So yesterday I wanted to make a pic for a token for an upcoming one-shot.
I fed the same prompt into ChatGPT, Microsoft Designer, and a local copy of Stable Diffusion using the 'DynaVision XL' SDXL model checkpoint (essentially the base training model).
Got three extremely different results:
ChatGPT:
View attachment 403467
Microsoft Designer:
View attachment 403468
Local Stable Diffusion:
View attachment 403469
"A vibrant 1970s fantasy style RPG illustration of a freckled dark brown-skinned dwarf woman, age 29, in a fullbody shot. She wears a platemail breastplate, and her black wavy hair is tied into a ponytail, adding to her fierce and majestic appearance. She holds a giant fantasy warhammer in both hands, standing confidently in a bustling underground dwarven cavern fortress. The cobblestone streets are lined with lively market stalls, filled with various goods from weapons to food.
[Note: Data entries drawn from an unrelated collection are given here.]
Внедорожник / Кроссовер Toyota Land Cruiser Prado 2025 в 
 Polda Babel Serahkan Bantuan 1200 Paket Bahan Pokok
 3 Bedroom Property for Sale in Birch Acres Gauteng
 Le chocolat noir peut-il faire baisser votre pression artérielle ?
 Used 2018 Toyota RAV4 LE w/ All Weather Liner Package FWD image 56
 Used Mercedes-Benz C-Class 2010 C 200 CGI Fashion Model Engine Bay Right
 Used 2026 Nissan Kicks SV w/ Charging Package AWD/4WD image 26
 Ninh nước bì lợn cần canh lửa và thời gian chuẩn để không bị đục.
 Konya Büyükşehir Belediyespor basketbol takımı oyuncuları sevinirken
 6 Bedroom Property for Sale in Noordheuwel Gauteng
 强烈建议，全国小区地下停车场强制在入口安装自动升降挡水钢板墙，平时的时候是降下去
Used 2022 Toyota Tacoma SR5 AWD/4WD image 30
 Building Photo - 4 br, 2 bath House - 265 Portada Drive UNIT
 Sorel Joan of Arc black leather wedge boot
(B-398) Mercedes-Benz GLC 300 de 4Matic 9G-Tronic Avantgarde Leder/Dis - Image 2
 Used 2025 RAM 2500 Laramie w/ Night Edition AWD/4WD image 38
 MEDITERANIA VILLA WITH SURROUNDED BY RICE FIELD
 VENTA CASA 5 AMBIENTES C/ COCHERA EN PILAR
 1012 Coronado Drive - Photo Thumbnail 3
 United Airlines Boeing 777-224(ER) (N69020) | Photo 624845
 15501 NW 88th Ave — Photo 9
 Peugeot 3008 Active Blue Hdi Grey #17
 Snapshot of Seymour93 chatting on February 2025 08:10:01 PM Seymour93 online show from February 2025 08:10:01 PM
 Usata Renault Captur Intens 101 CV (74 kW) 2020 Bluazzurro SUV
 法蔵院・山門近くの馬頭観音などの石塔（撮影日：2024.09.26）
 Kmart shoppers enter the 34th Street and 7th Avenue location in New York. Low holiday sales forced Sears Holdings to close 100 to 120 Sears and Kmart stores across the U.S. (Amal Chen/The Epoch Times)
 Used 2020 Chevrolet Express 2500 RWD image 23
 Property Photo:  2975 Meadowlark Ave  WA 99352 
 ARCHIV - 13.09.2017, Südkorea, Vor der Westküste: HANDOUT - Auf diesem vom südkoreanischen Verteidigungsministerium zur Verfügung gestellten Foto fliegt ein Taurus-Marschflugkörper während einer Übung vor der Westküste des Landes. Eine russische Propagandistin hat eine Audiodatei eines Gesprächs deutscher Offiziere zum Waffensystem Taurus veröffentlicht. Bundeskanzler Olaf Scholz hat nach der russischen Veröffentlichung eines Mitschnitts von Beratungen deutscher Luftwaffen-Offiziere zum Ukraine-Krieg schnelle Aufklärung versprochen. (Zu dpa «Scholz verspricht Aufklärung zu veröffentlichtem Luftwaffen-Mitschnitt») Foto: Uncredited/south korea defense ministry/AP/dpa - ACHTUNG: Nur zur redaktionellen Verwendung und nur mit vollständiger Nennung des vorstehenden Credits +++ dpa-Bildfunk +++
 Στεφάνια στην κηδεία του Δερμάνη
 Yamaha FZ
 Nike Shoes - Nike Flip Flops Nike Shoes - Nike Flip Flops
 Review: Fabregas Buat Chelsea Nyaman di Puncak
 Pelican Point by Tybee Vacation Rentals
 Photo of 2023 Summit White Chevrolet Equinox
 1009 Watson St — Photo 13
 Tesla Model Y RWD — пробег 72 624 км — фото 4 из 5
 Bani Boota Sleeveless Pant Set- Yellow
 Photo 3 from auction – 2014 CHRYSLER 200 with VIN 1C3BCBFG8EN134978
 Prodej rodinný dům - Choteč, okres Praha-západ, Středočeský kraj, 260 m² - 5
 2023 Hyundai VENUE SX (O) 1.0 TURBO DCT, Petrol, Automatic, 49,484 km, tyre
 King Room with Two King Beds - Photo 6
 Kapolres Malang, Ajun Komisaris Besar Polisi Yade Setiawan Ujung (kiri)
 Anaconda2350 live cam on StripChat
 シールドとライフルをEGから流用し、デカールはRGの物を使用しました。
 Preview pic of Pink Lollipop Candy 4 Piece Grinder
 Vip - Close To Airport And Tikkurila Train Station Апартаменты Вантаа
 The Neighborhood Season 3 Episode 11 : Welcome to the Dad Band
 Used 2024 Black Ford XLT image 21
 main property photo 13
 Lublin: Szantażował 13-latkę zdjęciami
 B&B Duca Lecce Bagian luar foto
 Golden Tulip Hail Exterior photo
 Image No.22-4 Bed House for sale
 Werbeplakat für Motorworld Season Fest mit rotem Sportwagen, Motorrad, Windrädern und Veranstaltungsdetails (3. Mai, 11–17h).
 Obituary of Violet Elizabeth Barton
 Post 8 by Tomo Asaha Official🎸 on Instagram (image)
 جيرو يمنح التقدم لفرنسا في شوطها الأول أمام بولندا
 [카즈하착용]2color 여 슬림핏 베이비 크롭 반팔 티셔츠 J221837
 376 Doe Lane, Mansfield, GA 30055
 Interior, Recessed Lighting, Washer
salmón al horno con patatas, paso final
The underground town is filled with dwarves in medieval merchant attire, engaging in various activities, creating a lively and dynamic atmosphere. The lighting is moody, casting a deep tone over the scene. The dwarves are seen bartering and socializing, with the overall atmosphere being one of camaraderie and industriousness. The camera captures her full body."
While I am not sure it will give you the style you're after, SDXL-based models are usually not responding well to long-ish prompt.
This prompt does well with more recent models, but also fails to describe the style. Maybe more description of the actual style would help?